Mogul                                                           [Page 1]


Internet-Draft          HTTP proxy revalidation     6 January 1997 18:22


                           TABLE OF CONTENTS

1 Introduction                                                         2
2 Problems with proxy-revalidate                                       3
3 Possible alternatives                                                5
     3.1 Alternatives not requiring changes to RFC2068                 5
     3.2 Alternatives that require changes to RFC2068                  6
4 Proposed solution                                                    8
5 Security Considerations                                             10
6 Acknowledgements                                                    10
7 References                                                          10
8 Author's address                                                    10


1 Introduction

   HTTP/1.1 introduces a ``Cache-control'' header to allow origin
   servers and clients to impose fine-grained control over the operation
   of HTTP caches.  One important aspect of HTTP caching is whether a
   cache should ``revalidate'' a cached response with the origin server,
   before using the response as a cache hit.  In cases where the use of
   an invalid cache entry could lead to serious error, such as the
   violation of an authentication policy, or incorrect behavior of an
   online shopping application, proper revalidation could be crucial.
   On the other hand, caching can yield significant performance
   benefits, and so we want to make caching as effective as possible.

      Note: HTTP caches normally revalidate a cached response by
      sending a conditional GET to the origin server.  This may be
      done using the ``If-none-match'' request header or the
      ``If-modified-since'' request header.  If the server would
      return the same response as the cached response, the server may
      reply with a status code of 304 (Not Modified).  While this
      does involve a message exchange, by avoiding the transmission
      of the entity body, a revalidation is often much cheaper than
      an unconditional retrieval.

      Regarding the terms ``fresh'' and ``stale'': a cached response
      is considered to be fresh if its current age is less than its
      maximum allowed age.  A cached response is stale otherwise.
      Normally, only stale responses need to be revalidated; a fresh
      response is inherently usable without revalidation, until it
      reaches its maximum age.

   During the design of HTTP/1.1, it was realized that different
   revalidation policies might be applied to end-client caches (e.g., in
   browsers) and to intermediate proxy caches.  For example, a proxy
   cache might be shared between multiple users (raising security
   considerations), or it might be operated by someone whose interests
   in reducing transmission costs do not coincide with the interest of
   the ultimate client or origin server in preserving certain kinds of
   application semantics.
Mogul                                                           [Page 2]

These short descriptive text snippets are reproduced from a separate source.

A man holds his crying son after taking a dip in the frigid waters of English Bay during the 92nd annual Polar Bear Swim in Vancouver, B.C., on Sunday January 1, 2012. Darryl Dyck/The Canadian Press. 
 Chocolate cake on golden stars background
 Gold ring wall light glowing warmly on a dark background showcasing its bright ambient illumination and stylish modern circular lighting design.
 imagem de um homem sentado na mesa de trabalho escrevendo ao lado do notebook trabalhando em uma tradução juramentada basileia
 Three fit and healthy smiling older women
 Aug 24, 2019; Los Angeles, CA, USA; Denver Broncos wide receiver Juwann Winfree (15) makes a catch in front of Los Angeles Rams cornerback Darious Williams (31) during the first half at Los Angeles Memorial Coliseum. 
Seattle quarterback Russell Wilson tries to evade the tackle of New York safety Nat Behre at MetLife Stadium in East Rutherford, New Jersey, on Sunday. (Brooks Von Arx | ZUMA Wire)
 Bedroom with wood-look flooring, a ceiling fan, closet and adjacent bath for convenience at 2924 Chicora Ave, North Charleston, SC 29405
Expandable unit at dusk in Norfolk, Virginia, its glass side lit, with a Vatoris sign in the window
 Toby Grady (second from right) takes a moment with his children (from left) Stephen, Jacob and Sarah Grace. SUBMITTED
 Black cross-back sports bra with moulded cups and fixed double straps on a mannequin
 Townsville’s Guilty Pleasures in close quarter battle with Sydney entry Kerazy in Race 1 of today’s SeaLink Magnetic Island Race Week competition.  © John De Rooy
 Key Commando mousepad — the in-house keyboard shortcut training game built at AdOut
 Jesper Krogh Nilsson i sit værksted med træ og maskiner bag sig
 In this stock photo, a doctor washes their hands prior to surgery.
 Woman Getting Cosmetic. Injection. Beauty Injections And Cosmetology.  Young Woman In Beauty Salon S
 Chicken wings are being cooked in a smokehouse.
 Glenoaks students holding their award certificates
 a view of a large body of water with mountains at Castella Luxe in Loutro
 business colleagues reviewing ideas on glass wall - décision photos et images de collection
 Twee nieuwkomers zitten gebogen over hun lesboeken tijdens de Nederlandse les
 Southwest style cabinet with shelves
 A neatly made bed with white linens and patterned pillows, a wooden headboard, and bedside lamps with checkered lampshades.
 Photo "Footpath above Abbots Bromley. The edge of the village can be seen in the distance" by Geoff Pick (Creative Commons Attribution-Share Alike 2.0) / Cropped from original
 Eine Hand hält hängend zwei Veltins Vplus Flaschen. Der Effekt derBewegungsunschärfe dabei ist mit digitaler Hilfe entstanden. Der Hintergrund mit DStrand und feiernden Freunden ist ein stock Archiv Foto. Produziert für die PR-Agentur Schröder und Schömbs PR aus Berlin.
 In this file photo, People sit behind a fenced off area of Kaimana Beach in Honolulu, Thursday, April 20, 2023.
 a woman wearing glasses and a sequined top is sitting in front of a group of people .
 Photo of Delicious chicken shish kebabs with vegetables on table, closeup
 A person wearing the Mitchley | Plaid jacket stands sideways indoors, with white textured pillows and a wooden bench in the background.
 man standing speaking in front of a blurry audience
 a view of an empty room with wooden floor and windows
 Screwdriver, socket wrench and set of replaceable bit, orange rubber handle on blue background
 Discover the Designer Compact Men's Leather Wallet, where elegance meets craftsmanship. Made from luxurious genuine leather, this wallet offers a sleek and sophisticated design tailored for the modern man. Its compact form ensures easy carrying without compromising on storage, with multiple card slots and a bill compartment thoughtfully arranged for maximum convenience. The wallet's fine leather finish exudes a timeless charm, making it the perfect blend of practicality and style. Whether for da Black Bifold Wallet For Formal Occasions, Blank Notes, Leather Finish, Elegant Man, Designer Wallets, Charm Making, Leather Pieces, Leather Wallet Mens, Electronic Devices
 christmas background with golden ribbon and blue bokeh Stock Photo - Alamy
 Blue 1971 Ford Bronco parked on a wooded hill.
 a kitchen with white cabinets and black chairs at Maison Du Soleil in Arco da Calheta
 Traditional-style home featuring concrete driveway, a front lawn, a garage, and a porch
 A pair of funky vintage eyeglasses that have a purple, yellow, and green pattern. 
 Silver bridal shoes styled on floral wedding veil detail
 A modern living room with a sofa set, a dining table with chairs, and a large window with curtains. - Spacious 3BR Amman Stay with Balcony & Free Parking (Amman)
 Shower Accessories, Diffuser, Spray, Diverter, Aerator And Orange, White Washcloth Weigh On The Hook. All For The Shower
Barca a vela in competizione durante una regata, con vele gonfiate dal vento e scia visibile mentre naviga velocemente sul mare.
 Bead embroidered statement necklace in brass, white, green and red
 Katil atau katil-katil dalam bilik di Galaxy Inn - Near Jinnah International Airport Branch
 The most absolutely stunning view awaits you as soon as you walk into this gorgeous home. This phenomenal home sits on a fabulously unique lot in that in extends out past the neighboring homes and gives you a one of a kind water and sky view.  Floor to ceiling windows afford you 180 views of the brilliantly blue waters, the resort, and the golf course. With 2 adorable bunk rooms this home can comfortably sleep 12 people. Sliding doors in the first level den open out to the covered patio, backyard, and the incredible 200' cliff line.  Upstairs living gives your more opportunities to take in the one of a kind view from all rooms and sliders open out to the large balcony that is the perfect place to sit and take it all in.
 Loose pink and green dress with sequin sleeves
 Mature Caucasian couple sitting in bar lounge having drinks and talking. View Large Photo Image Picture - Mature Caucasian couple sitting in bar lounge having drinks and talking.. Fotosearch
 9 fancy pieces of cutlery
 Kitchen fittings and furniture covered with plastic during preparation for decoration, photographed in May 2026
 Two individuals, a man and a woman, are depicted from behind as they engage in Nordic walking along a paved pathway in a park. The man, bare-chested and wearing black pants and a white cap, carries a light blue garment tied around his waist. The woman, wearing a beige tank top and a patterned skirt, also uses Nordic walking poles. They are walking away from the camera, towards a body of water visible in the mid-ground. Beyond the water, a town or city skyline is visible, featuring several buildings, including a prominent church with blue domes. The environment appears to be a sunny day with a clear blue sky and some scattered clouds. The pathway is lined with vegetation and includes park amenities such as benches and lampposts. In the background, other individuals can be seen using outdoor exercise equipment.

Internet-Draft          HTTP proxy revalidation     6 January 1997 18:22


   It was also realized that in some cases, it might sometimes be
   appropriate to configure a cache to be ``loose'' in its behavior for
   stale responses.  That is, in such a situation, the cache might
   return a stale response without revalidating it.  This might be done,
   for example, if the network connection between the cache and the
   origin server is not working, or if the cost or delay for
   revalidation is prohibitively high.

   There is an obvious potential contradiction between the occasional
   requirement for strict revalidation of certain responses, and the
   occasional desire to allow loose operation of some HTTP caches.
   HTTP/1.1 resolves this by allowing (although not encouraging) loose
   operation as the default, but by providing a protocol mechanism for
   origin servers or end-clients to insist on mandatory strict operation
   when necessary.  This is done using the ``Cache-control'' header,
   which can carry a number of cache-control directives.  In particular,
   these directives are defined in section 14.9 of RFC2068:

      - max-age=NNN
        Sets the maximum age for this response to NNN seconds.  By
        itself, does not force strict revalidation behavior.

      - no-cache
        Prevents any caching of this response.

      - private
        Prevents any caching by a shared cache.

      - must-revalidate
        Requires that an HTTP/1.1 cache revalidate the response
        before using it, if the response is stale.

      - proxy-revalidate
        Requires that an HTTP/1.1 proxy cache revalidate the
        response before using it, if the response is stale; does
        not affect an end-client cache.


2 Problems with proxy-revalidate

   The fundamental problem with proxy-revalidate, as defined in RFC2068,
   is that it does not require a proxy cache to revalidate a fresh
   response before using it.  However, there are several circumstances
   in which it is desirable or necessary to force a proxy cache to
   revalidate a response that, to an end-client cache, would appear to
   be fresh.

   In section 14.8 of RFC2068, defining the ``Authorization'' header,
   this language appears:



Mogul                                                           [Page 3]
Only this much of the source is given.